The sitemap file has become, over the years, a must in SEO. Often cited in discussions related to SEO, it’s closely related to the crawling and indexing of the different URLs present on websites.
Particularly helpful when you design an ecommerce site with many pages, it facilitates the discovery of your online store’s various URLs. I advise you not to neglect this element!L
What is the sitemap file?
To better understand where this very standardized protocol comes from, let’s start with a little history and some key dates:
- 2005: Google creates the first version called Sitemaps 0.84.
- December 2006: Microsoft and Yahoo announce support for Sitemaps 0.90. It was at this point that a protocol was really established, developing a writing standard for all future sitemaps.
Official website: https://www.sitemaps.org/index.html
To return to its main function, the sitemap of a website is a file listing all the URLs that you want to index. It should only contain relevant pages for search engines to visit.
The sitemap can be composed of different kinds of information:
- loc: URL of the page. This is the only mandatory field.
- lastmod: date of last modification
- changefreq: update frequency
- priority: priority of URLs
Here is an example of an XML sitemap file that lists the URL “https://www.site.fr/”:
It’s also interesting to note that the XML format isn’t mandatory. You can, for instance, create a sitemap in text format (.txt). On the other hand, it’ll be impossible for you to indicate the optional elements mentioned above (lastmod, changefreq, and priority). This one is only going to contain the list of URLs.
The purpose of this item is to facilitate the crawling of your site. The crawl represents the exploration of a website by a search engine robot. During its passage, the robot will discover and analyze the source code of the page to reveal the different elements (HTML, images, internal and external links,...).
When this file is declared to the search engines, they’ll regularly analyze it to explore all the URLs listed inside. Then, if everything goes as planned, they’ll index these pages so that they can appear in the results when internet users make requests.
What is a sitemap index?
It’s quite possible for a website to have several sitemaps.
In this case, a sitemap index file can be created. It’ll allow you to list the different sitemaps within a sitemap page. The advantage is that all sitemaps are sent at once.
All WiziShop stores have, by default, sitemap indexes. As an ecommerce player, we prefer to separate the different sections of an online store (static pages, categories, product pages, blog...) into several sitemaps, grouped in an index. I’ll describe this element in more detail at the end of the article.
As for the classic sitemap, the sitemap index must be declared in your webmaster tools.
Information to know about the sitemap
Now that you know the main characteristics and the functioning of a sitemap, here’s some interesting information to consider.
Ability to add it to the location of your choice
A sitemap file can have any name, and its location is unrestricted.
Unlike the robots.txt file, which must be located at the root of the site and have a specific name, the sitemap can be placed anywhere and can have any name of your choosing.

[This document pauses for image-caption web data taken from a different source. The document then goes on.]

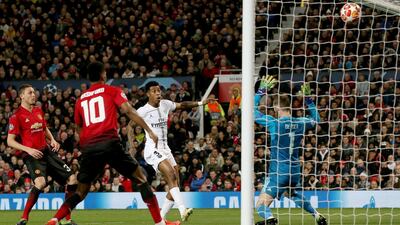 Paris Saint-Germain's Presnel Kimpembe shoots to score the first goal. EPA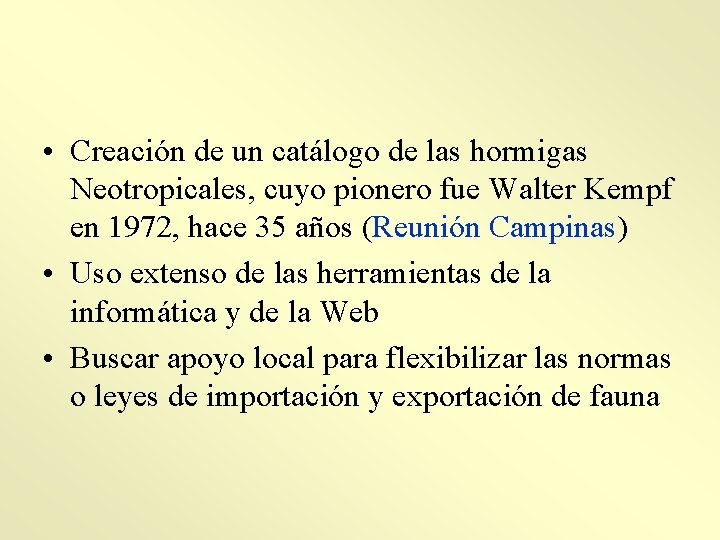  • Creación de un catálogo de las hormigas Neotropicales, cuyo pionero fue Walter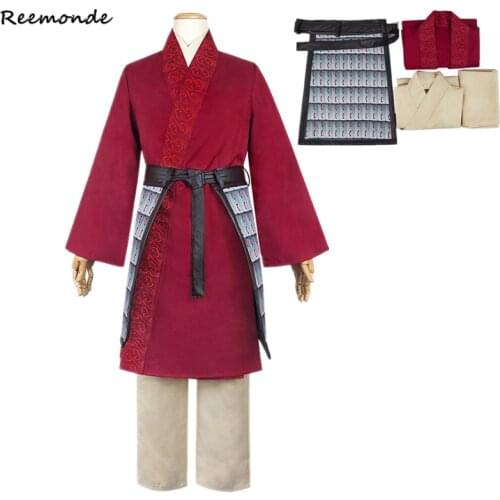 2020 Movie Hua Mulan Cosplay Costumes Princess Dress Up Women Mulan Top Pants Sets Red Coat Hanfu Korea Uniform Adult Kid Outfit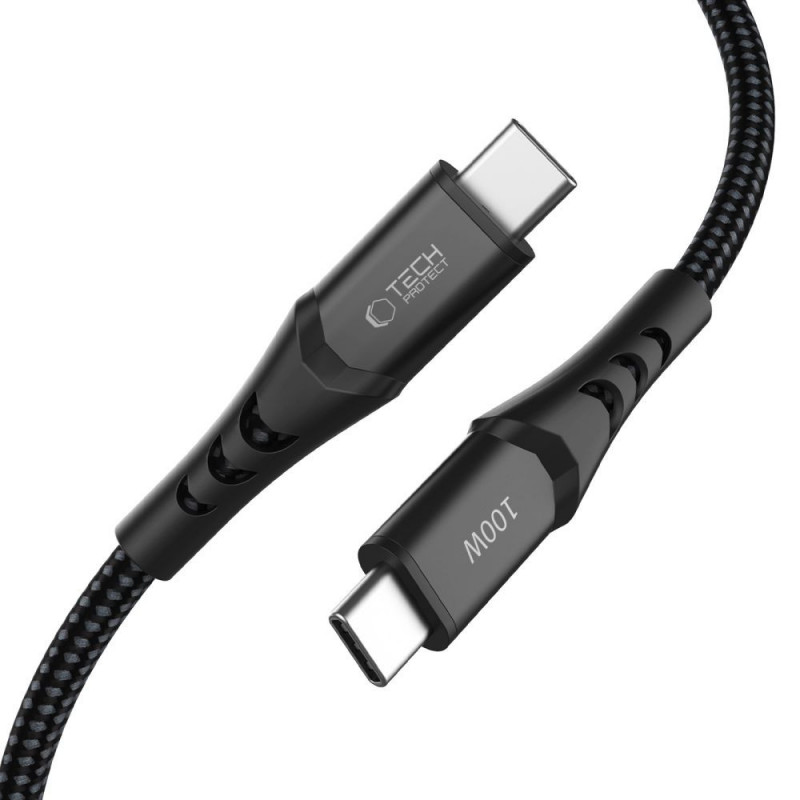 Cable USB-C / USB-C Tech-Protect UB11T Ultraboost, PD 100W, 200 cm, negro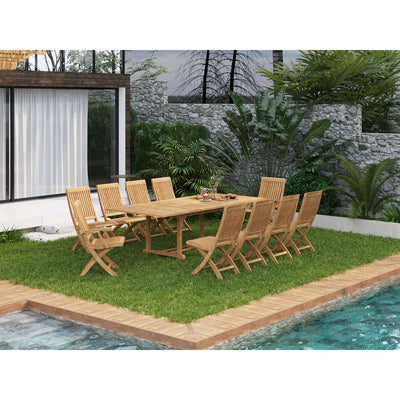 Devon 9-Piece Rectangular Teak Outdoor Family Dining Set with Extendable Table and Folding Chairs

The only requirement is that it must be on the domain name in question.
So, if you want, you can choose a different file name. This change allows you to hide the different URLs that you want to be crawled and indexed.
However, to find the XML sitemap of your competitors, several solutions are available to you:
- Add “/sitemap.xml” to the end of the domain in your browser.
- Consult the site’s /robots.txt file. The sitemap may be declared there...
As the name of the sitemap can be whatever you’d like you’ll perhaps come across a 404 error. Nevertheless, nothing prevents you from trying, because the great majority of the sites use this location.
Ability to have several sitemaps on the same site
As I stated above, websites can have several sitemaps files, but they may not necessarily be listed in an index.
You’re totally free to create several sitemaps in different folders of the website and to declare them, one by one, in the webmaster tools.
Some sites have, for instance, a sitemap for all static pages, another sitemap for the blog, etc.
To illustrate, you can very well have a sitemap at the root level of the site:
https://www.example.com/sitemap.xml and another in terms of the blog: https://www.example.com/blog/sitemap.xml.
Limits of URLs in the sitemap
As I just mentioned, everyone is free to use an almost unlimited number of sitemaps files.
Nevertheless, there are several limitations. Don't worry, though, as you’ll probably never reach them...
The limitations are as follows:
- A sitemap can contain up to 50,000 URLs.
- A sitemap index can contain 50,000 different sitemaps.
- Each website can have up to 500 sitemap index files.
- Once unzipped, the size of the sitemap file shouldn’t exceed 50 MB.
I'll skip the math, but by taking advantage of the sitemap indexes, your total number of URLs to send is limited to 2.5 billion. You’re a bit less worried now, aren’t you?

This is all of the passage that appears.